BRIEF> From the line containing "للبيع ٢٣ أوراقه" to the line containing "Property photo 1" in the records below, set down every line exactly as it stands, both ends included, and skip the pictures.

GIVEN DATA>

___

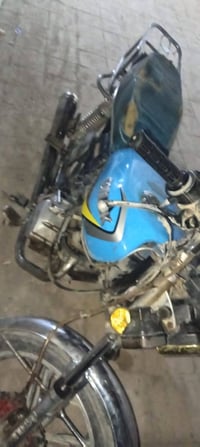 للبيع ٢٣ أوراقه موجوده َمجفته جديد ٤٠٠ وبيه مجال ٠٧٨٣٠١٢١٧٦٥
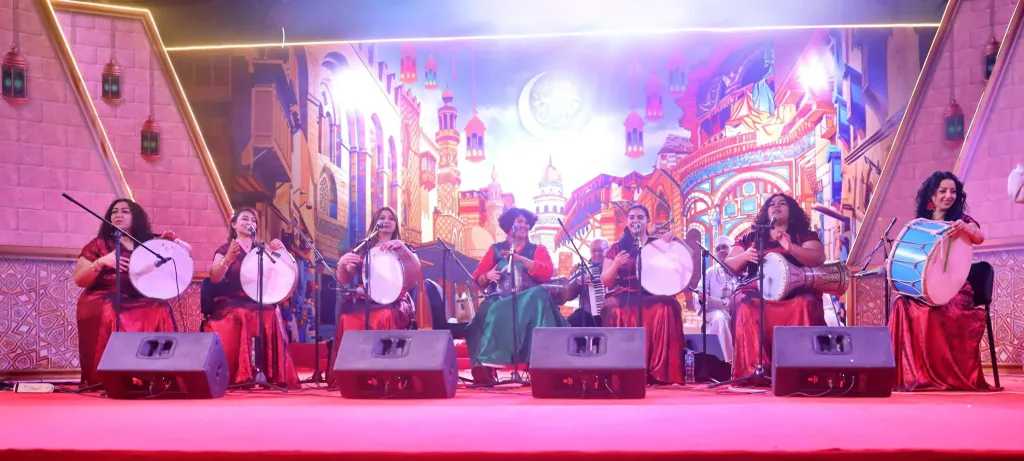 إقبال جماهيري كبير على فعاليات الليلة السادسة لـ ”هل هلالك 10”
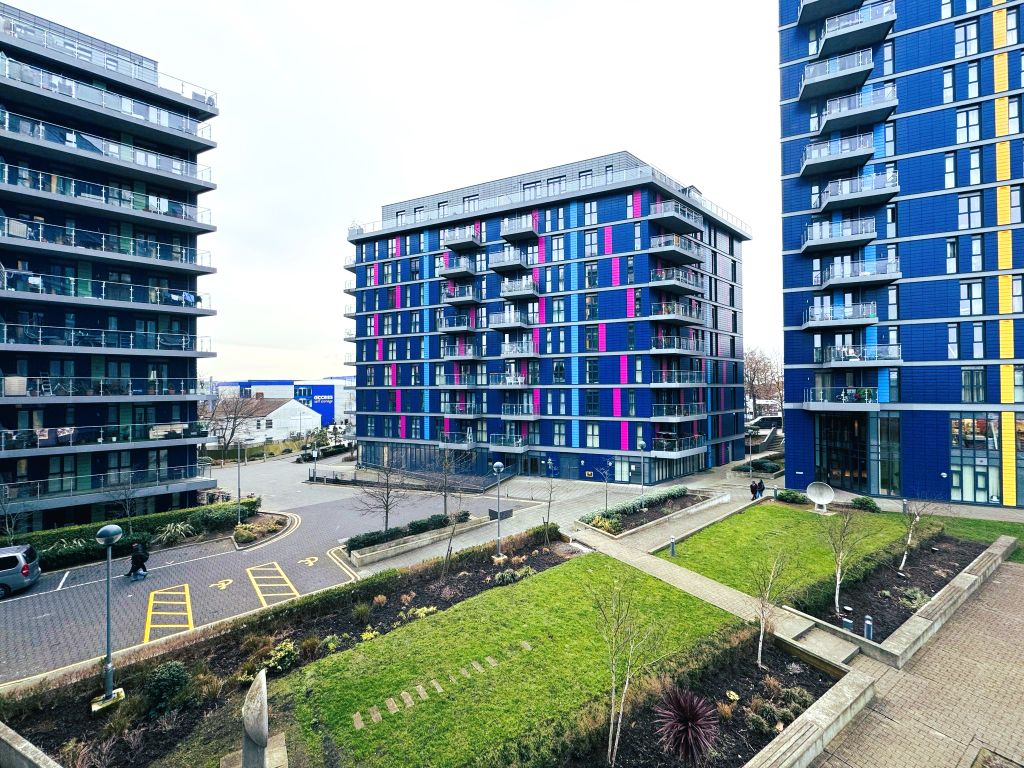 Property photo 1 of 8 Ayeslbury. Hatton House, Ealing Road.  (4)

___

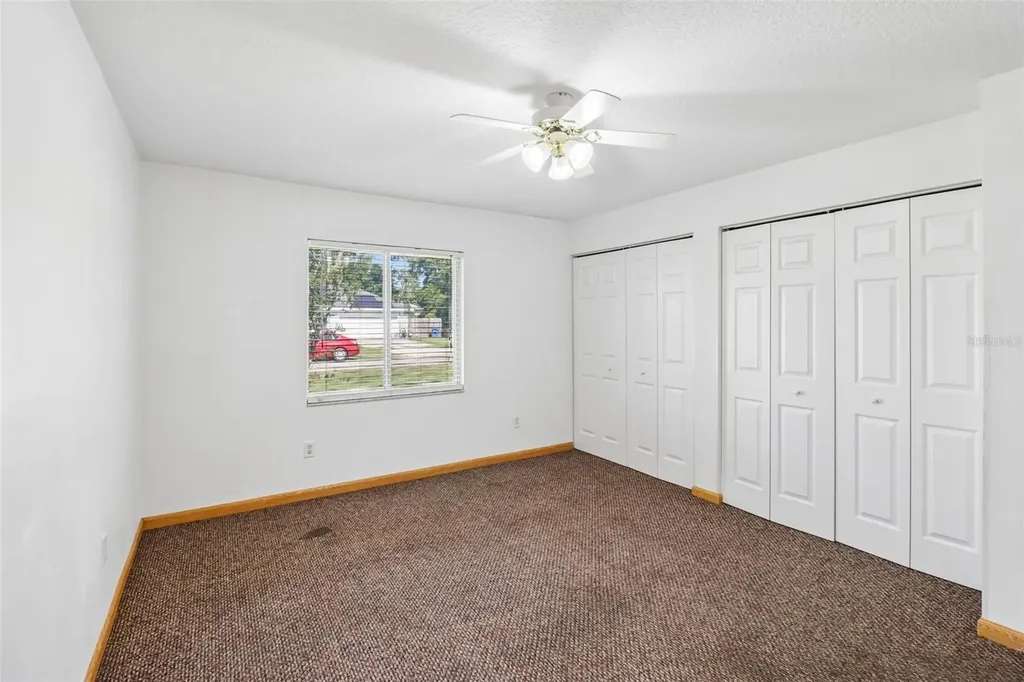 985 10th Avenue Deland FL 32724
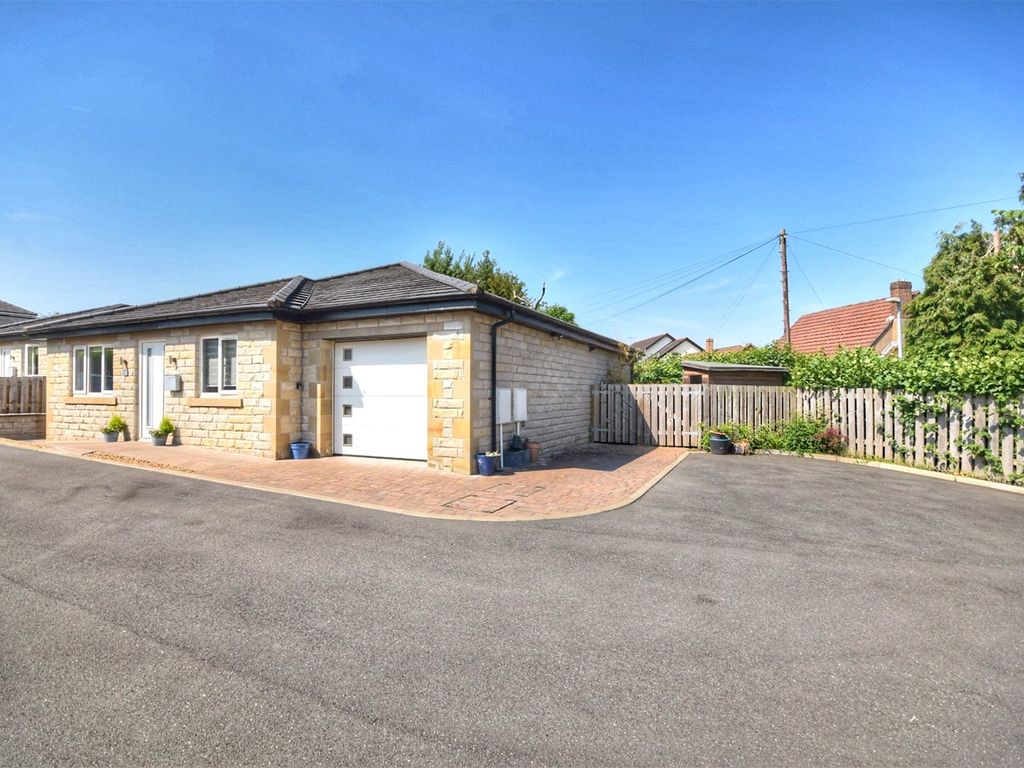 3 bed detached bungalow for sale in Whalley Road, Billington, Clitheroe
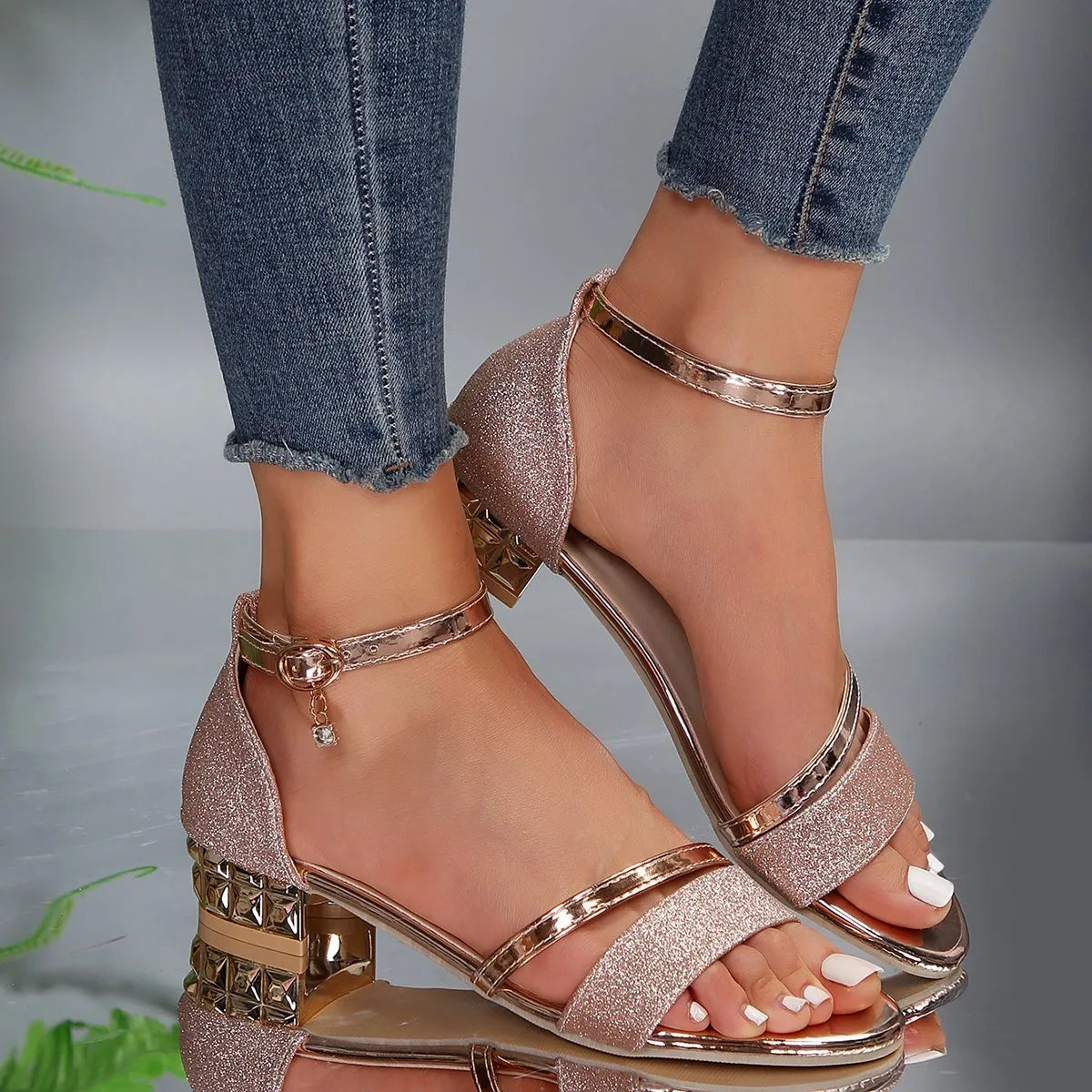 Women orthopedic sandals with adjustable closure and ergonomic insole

___

YOUR RESPONSE>
 للبيع ٢٣ أوراقه موجوده َمجفته جديد ٤٠٠ وبيه مجال ٠٧٨٣٠١٢١٧٦٥
 إقبال جماهيري كبير على فعاليات الليلة السادسة لـ ”هل هلالك 10”
 Property photo 1 of 8 Ayeslbury. Hatton House, Ealing Road.  (4)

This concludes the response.